Shot on a shoestring with camera barely venturing out of medium shots, SWALLOWED puts intimacy in the forefront. Right out of the box during the clubbing scenes, it is palpable that Benjamin has hots for Dom, who seems avoidant towards the hormonal closeness, whether because he claims to be straight or it is the moment of leaves-taking, he does want to cave in for his weakness. The rapport between a gay man and his straight friend whom he has a crush on is a knowing cliche but Smith doesn’t want to cheapen their feelings and especially after the story takes a wrong turn, it is the two men’s heartfelt affection that becomes a mental support for Benjamin’s ensuing bold actions.

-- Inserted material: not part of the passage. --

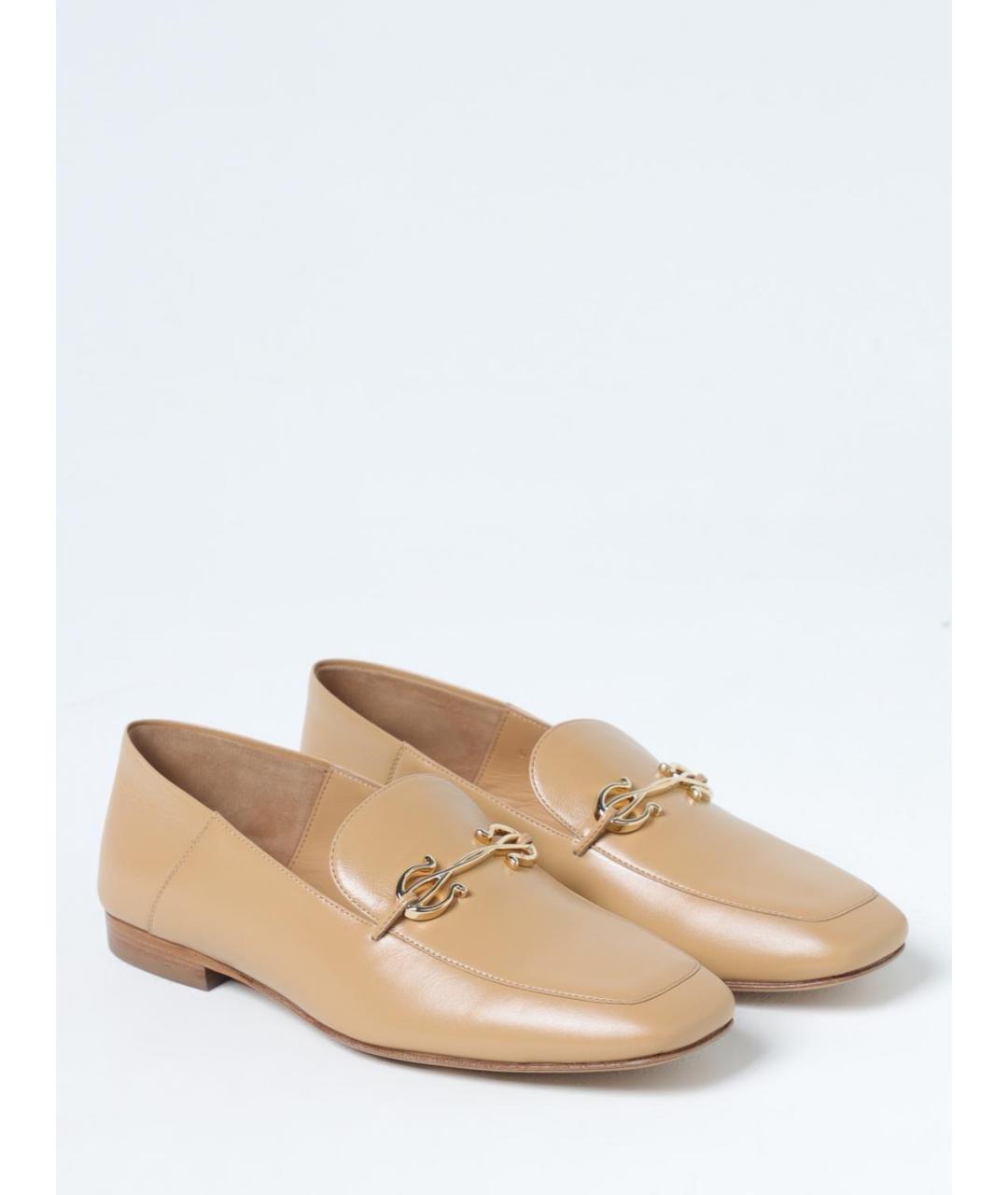 FERRAGAMO Бежевые кожаные лоферы, фото 2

Another delicate and deliciously unfolded masculine interconnection is between Benjamin and Rich, an old queer who smacks his lips all over the former’s Adonis physique (full-front nudity is a must). The gamesmanship between a predator and his prey, and how the table is eventually turned. SWALLOWED is awash with such racy innuendos, like Dom’s prolonged erection as a side effect of the leaking drug (a close-up of Benjamin swallowing his saliva is a nifty tease), or Benjamin’s fist work to extract the condoms from Dom’s anus (thankfully, the film’s coprophiliac predilection doesn’t really aim for verisimilitude), all play up to salve the thirst of the film’s demographic. Koch makes a good introduction as a new queer leading man, but Malone’s Alice getting fridged unceremoniously is a letdown. She is tough-as-nail, her maternal solicitude only gets exuded gradually, and should be given more agency to operate.

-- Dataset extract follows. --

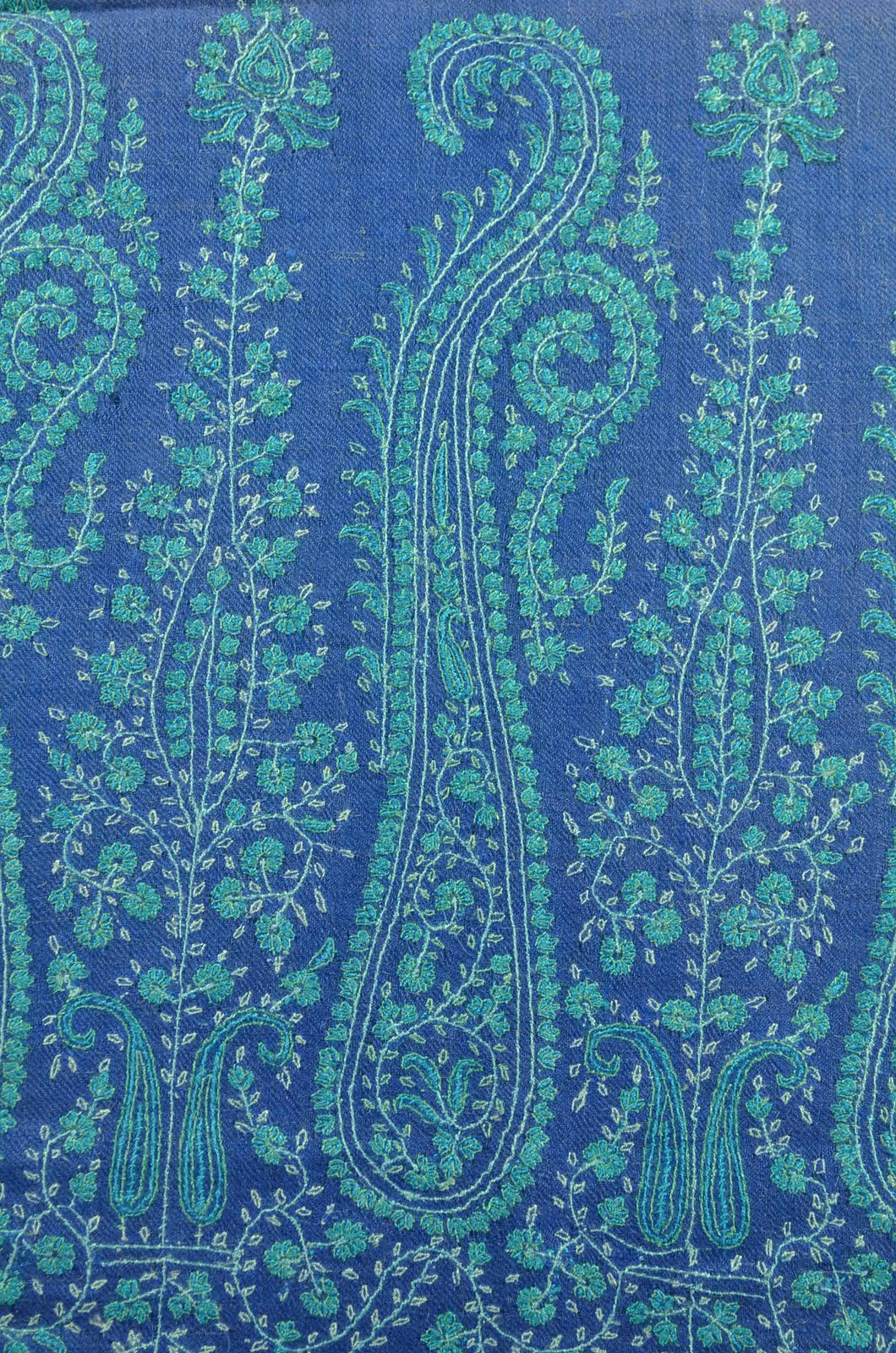 Blue Border Embroidery Cashmere Pashmina Shawl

THE PASSENGER transports audience to a rural Louisiana, Randy Bradley (Berchtold) is a self-effacing, unambitious 21-year-old fast food worker. One morning, his coworker Benson (Gallner) snaps up after Randy is bullied by another coworker Chris (Laureano), he murders everyone in the premises (body count 3) except Randy. After cleaning up the place and dumping the bodies in the freezer, they drive away, Randy becomes his hostage in the passenger seat. However, what follows is not exactly a killing spree, but a seemingly altruistic gesture from Benson to help Randy figure out why he is such a doormat.

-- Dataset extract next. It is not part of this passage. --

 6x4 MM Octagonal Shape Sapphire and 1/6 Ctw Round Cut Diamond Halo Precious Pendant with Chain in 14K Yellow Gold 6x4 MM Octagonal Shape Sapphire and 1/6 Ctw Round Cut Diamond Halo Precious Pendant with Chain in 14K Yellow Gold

So it is an odd-pair situation where one of them is a psychopathic killer, but surprisingly, Benson really goes out of his way to orchestrate a life-changing lesson for Randy without dissembling his menace and trigger-happy spontaneity: driving him around to meet Randy’s ex-girlfriend Lucy (Leon), to learn why he is dumped and later paying a visit to Ms. Beard (Weil), Randy’s second-grade teacher who is injured in a bloody accident which precipitates him to assume the pushover defense mechanism towards the society at large.

Without emplacing too many turn-ups for the books, THE PASSENGER earnestly invests its time and attention in carving out Randy’s new-found confidence in dissuading Benson from doing something irrational and violent. There are moments when it seems they can be quite a perfect fit because each is beneficent to the other, and maybe, a new lease on life can be granted even to a mortal sinner like Benson. Such fancy is punctured when a facile, workaday suicide-by-cop solution transpires in the end, and we still have no inkling what makes Benson such an enormity. As if people like him do not deserve salvation after all the effort the film endeavors to convince us he is not the impersonation of pure evil. Compared to Randy, Benson is the one who is more hurt for a savior, it is a pity Randy and the film fall by the wayside.

Be that as it may, the two leads are both in fine forms, Gallner is alternately a hog-wild, gun-toting monster and a persuasive, no-nonsense mentor capable of indoctrinate some self-esteem into a pipsqueak, who is rather superbly incarnated by an earnest, smoldering Berchtold, who has that uncanny gravitas and resolute to pull off Randy’s spiritual transmutation from an apathetic nonentity into the salt-of-the-earth type.

So if SWALLOWED is a guilty-pleasure delight with its conspiratorial parody of transgression and subcultural defiance, THE PASSENGER demonstrates Smith’s more open-armed stance of touching the tenderest part of humanity, and establishes him as a filmmaker to be reckoned with.

referential entries: Carlo Mirabella-Davis’s SWALLOW (2019, 6.9/10); Sebastián Silva’s ROTTING IN THE SUN (2023, 7.4/10).